▶ [Required action]: Retype, without pictures, the line holding "EUROGRIP TRAILHOUND STR" and each line below it through the final line.
++++++++
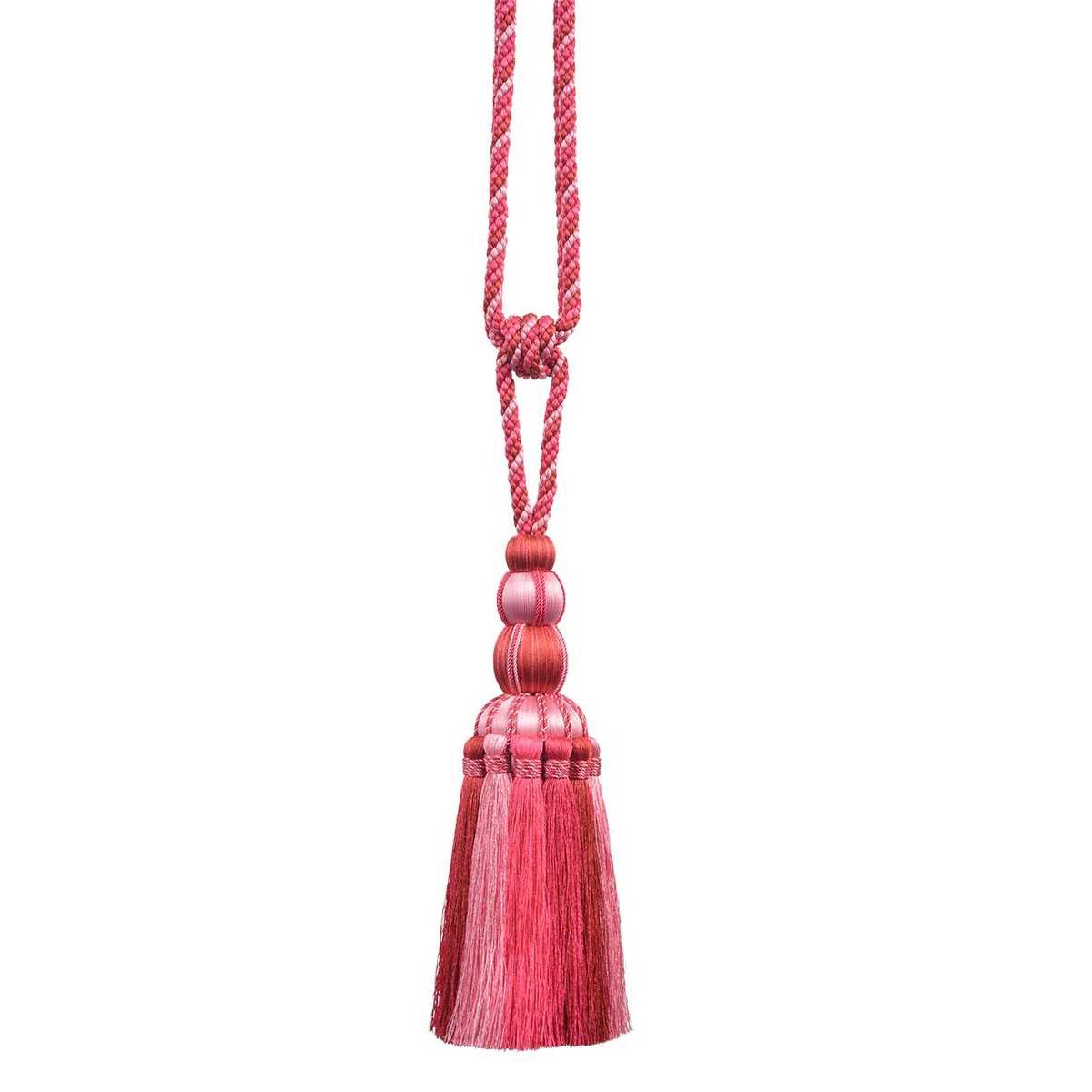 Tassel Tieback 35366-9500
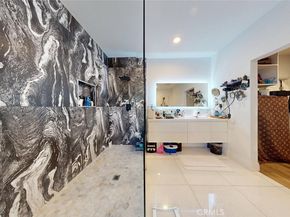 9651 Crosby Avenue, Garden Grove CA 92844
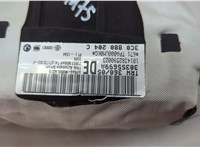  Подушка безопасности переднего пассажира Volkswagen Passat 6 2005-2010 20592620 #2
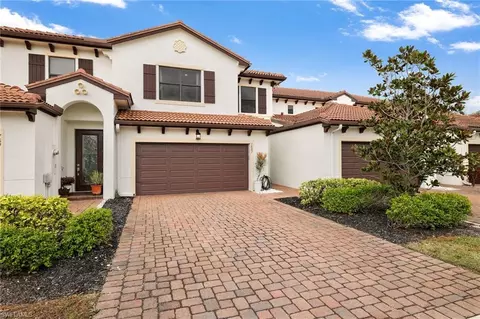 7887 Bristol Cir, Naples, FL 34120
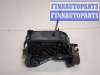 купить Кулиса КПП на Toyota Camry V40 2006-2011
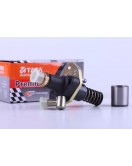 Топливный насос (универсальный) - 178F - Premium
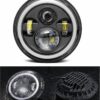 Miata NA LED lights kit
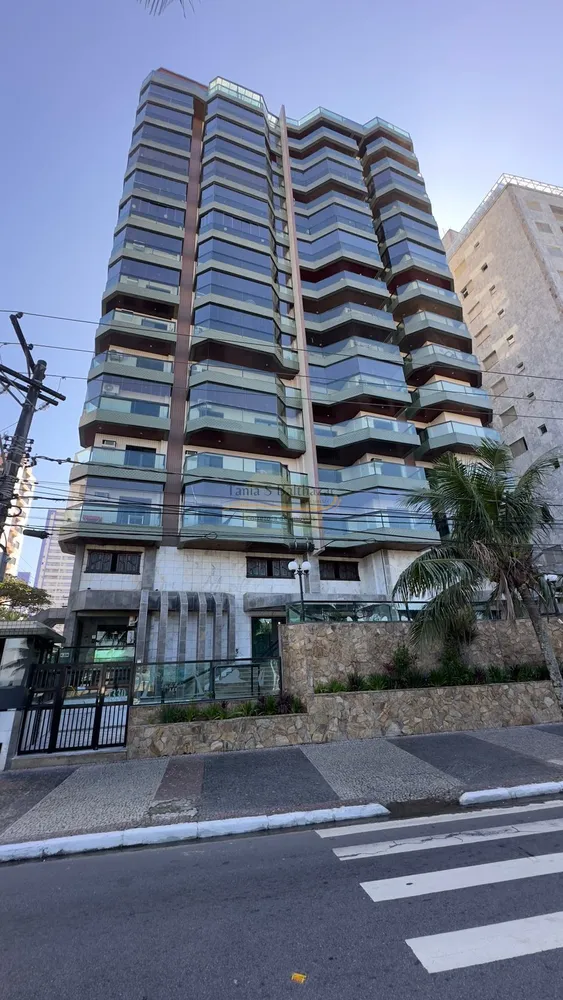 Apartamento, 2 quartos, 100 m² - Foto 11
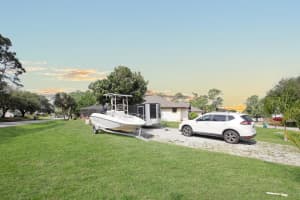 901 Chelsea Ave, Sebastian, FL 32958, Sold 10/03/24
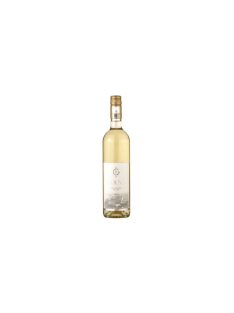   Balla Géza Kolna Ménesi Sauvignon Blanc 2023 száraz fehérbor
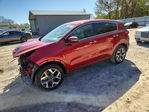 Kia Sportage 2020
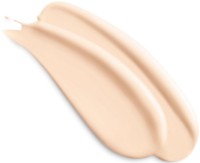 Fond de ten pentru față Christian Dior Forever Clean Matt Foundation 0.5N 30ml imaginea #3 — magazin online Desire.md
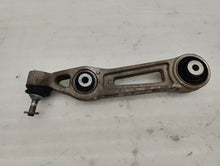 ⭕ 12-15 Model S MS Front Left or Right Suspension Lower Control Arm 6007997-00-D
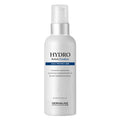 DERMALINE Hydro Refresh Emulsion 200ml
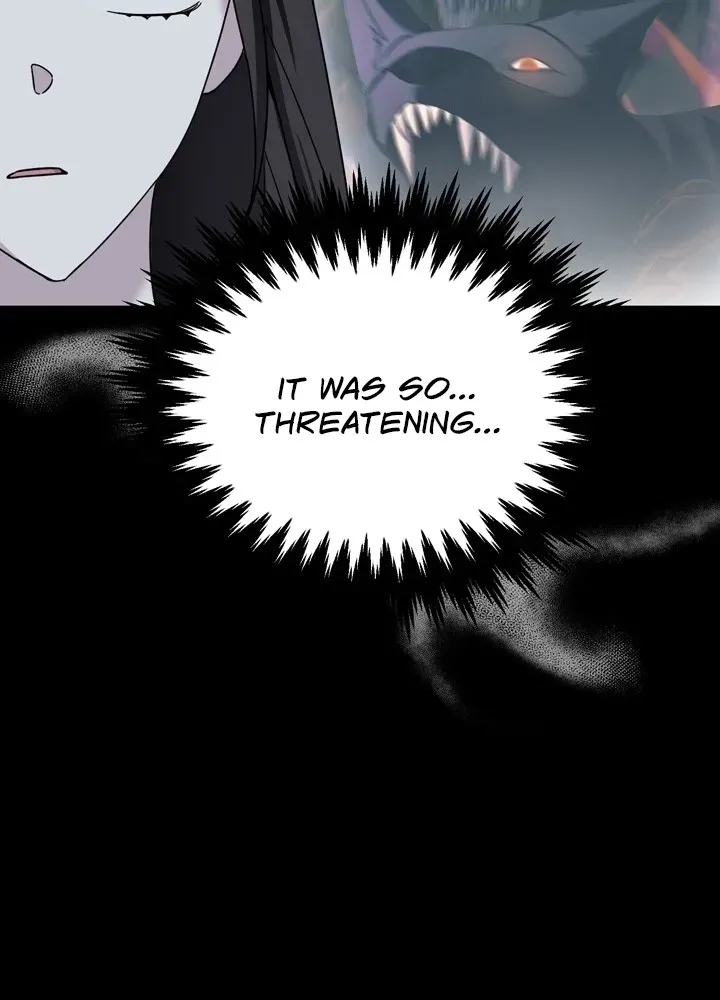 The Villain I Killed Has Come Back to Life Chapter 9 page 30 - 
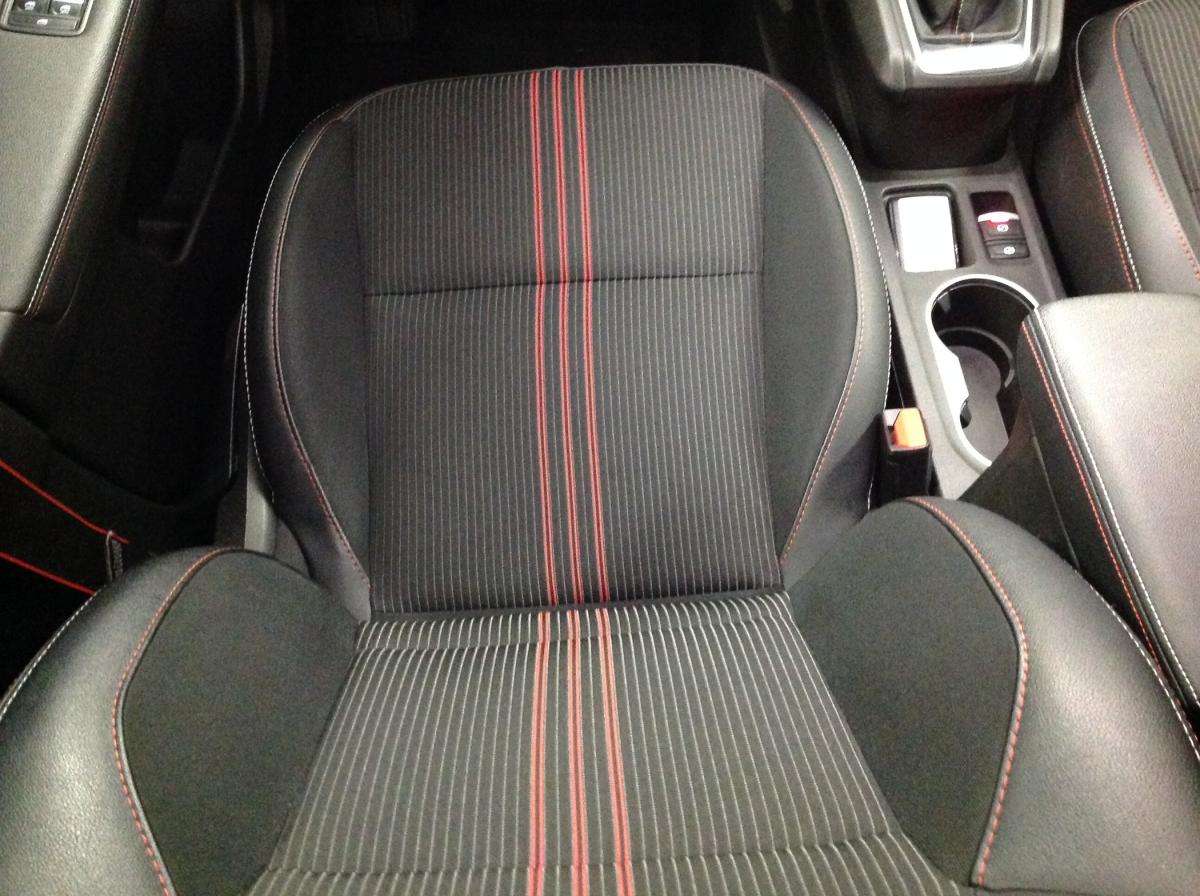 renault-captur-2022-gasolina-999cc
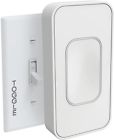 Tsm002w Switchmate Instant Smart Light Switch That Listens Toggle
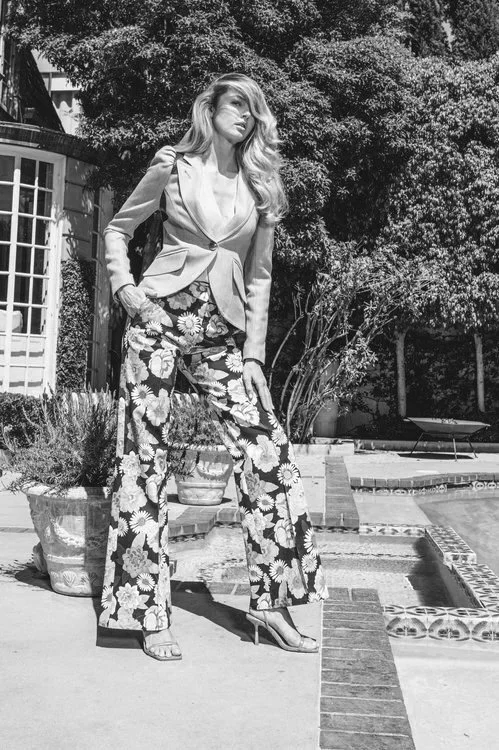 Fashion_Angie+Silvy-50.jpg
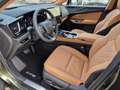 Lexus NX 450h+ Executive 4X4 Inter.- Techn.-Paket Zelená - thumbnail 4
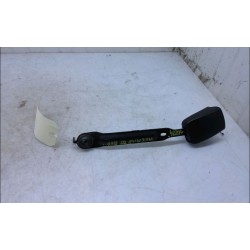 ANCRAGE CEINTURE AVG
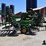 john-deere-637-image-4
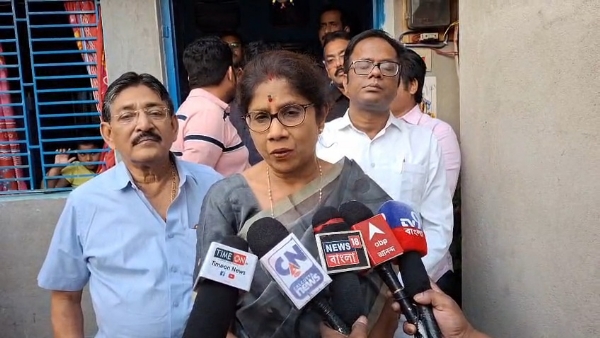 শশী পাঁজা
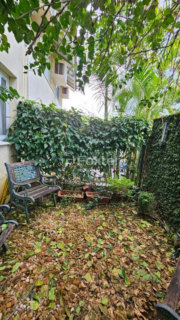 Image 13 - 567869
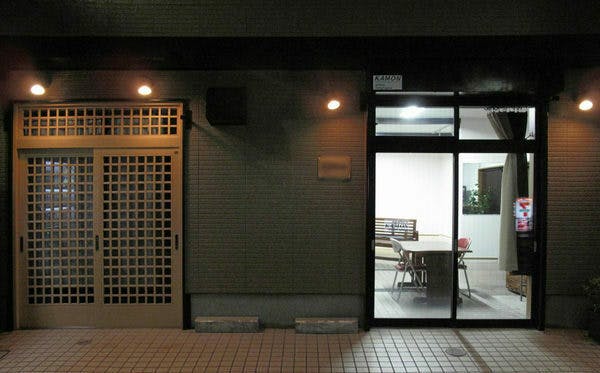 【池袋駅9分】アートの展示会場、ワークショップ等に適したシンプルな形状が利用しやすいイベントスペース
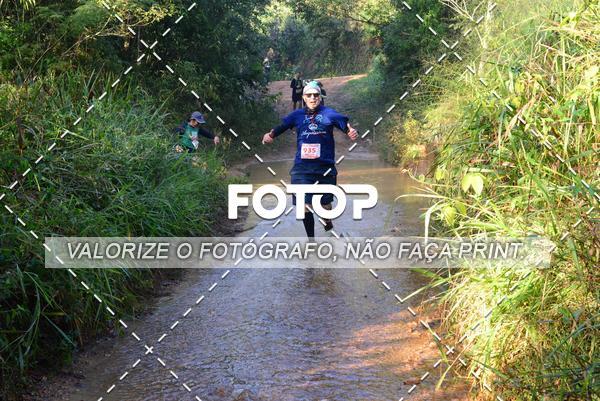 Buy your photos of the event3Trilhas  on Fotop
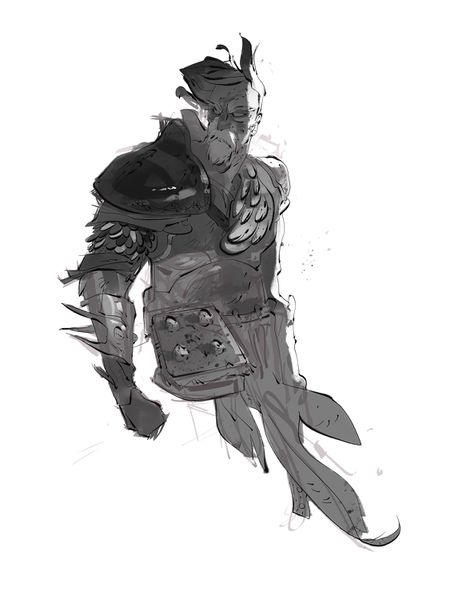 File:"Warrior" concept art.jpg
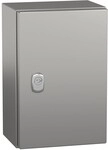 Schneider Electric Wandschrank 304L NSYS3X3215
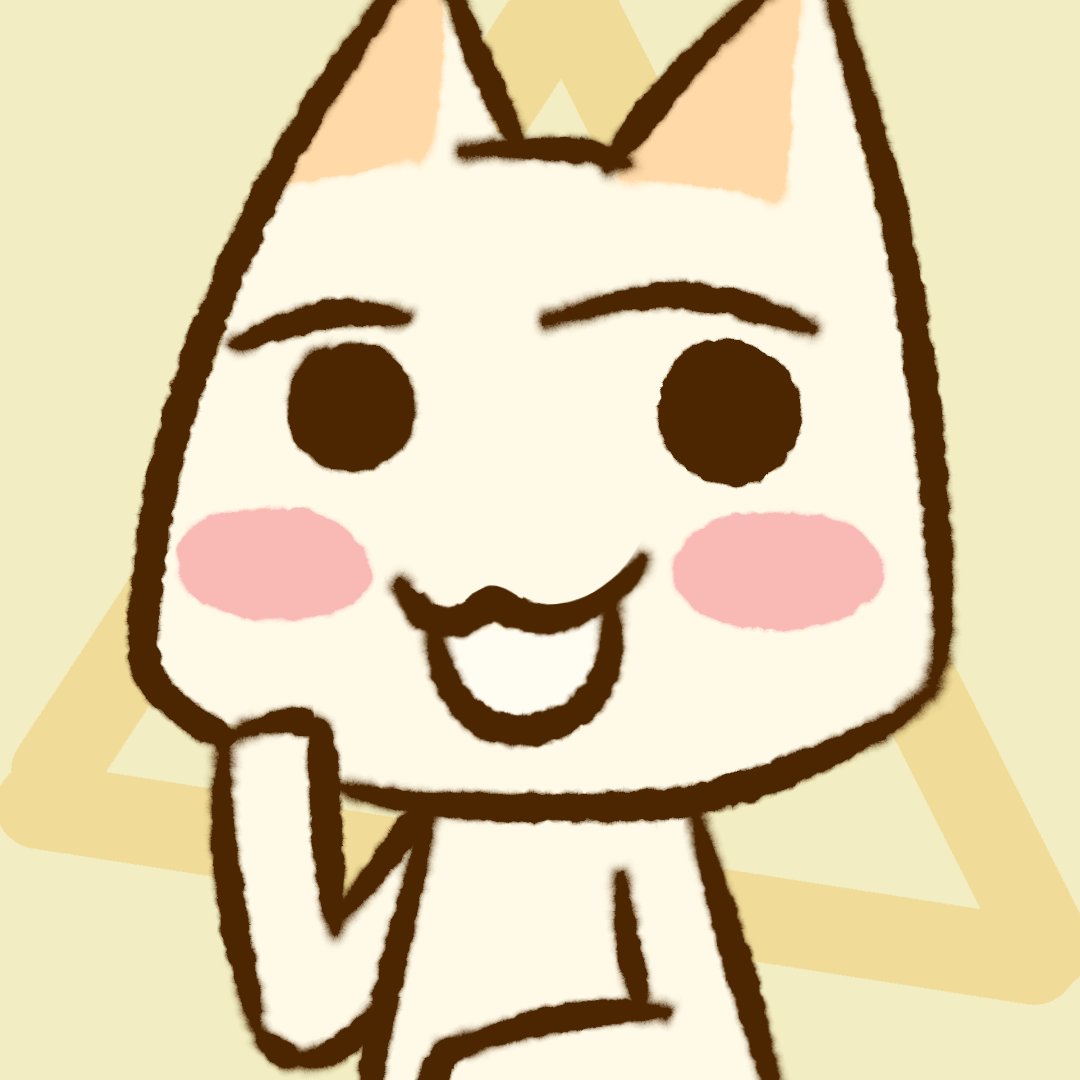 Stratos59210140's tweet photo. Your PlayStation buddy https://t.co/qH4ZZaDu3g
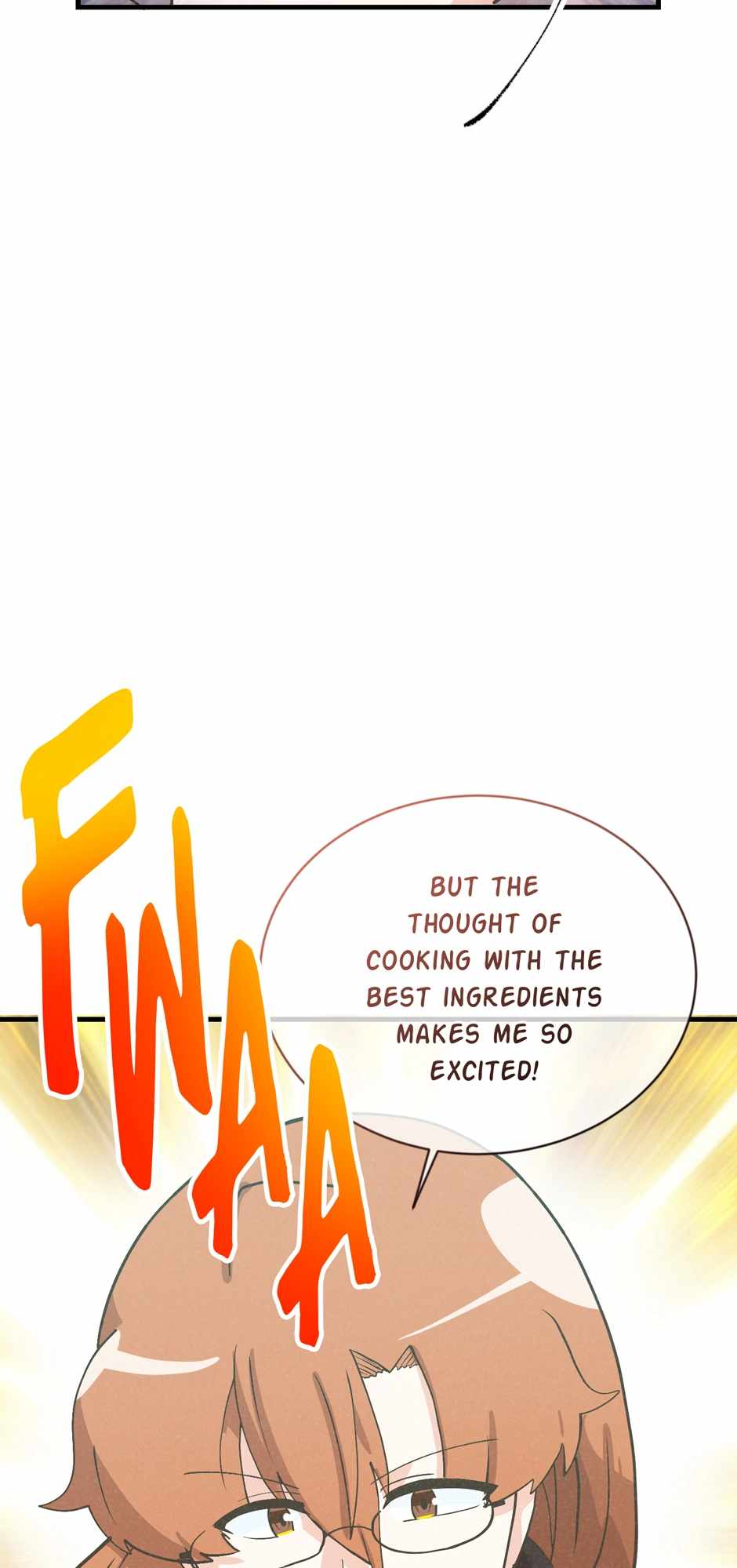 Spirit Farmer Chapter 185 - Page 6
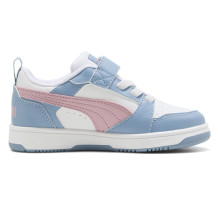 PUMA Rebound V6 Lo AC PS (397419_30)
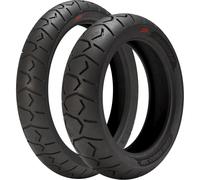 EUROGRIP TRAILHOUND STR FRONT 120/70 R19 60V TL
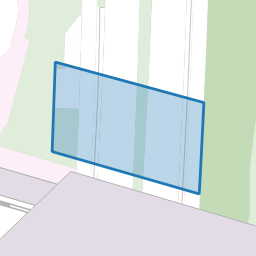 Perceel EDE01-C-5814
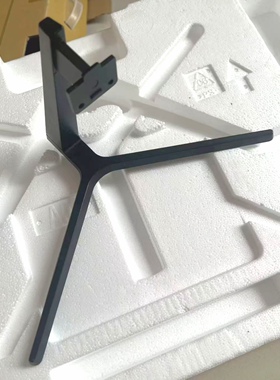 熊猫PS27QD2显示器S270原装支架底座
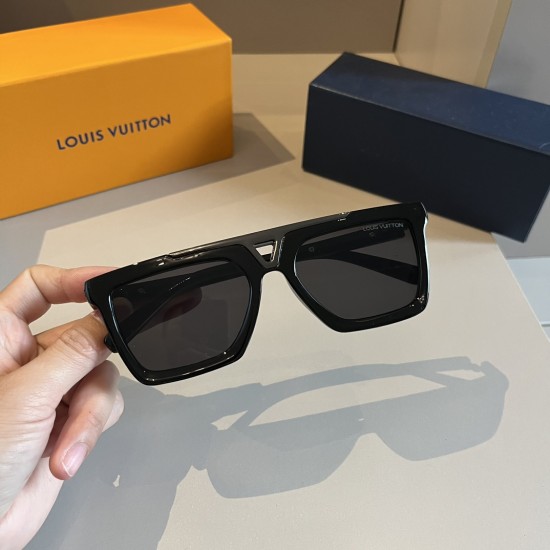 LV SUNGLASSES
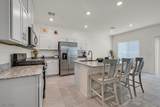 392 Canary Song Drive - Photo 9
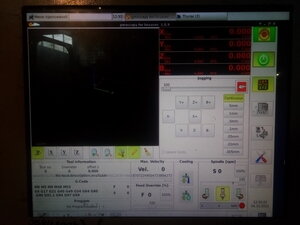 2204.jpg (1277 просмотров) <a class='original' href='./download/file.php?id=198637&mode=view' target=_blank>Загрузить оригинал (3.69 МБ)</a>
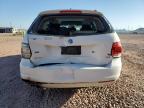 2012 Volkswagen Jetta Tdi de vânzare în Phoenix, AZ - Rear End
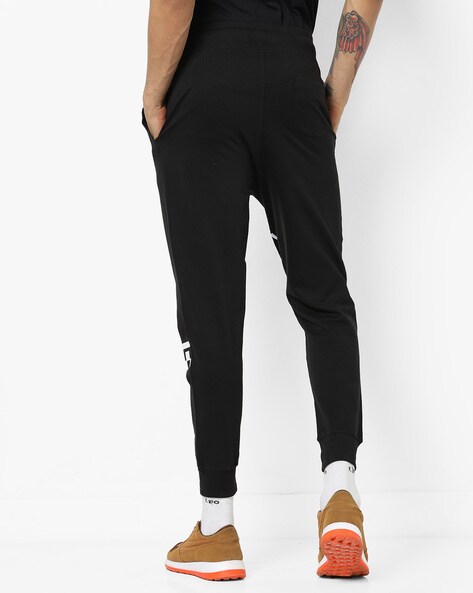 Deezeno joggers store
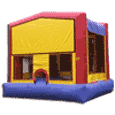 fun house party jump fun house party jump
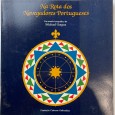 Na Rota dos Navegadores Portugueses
++++++++
▶ [Written response]:
 EUROGRIP TRAILHOUND STR FRONT 120/70 R19 60V TL
 Perceel EDE01-C-5814
 熊猫PS27QD2显示器S270原装支架底座
 LV SUNGLASSES
 392 Canary Song Drive - Photo 9
 2204.jpg (1277 просмотров) <a class='original' href='./download/file.php?id=198637&mode=view' target=_blank>Загрузить оригинал (3.69 МБ)</a>
 2012 Volkswagen Jetta Tdi de vânzare în Phoenix, AZ - Rear End
 Deezeno joggers store
 fun house party jump fun house party jump
 Na Rota dos Navegadores Portugueses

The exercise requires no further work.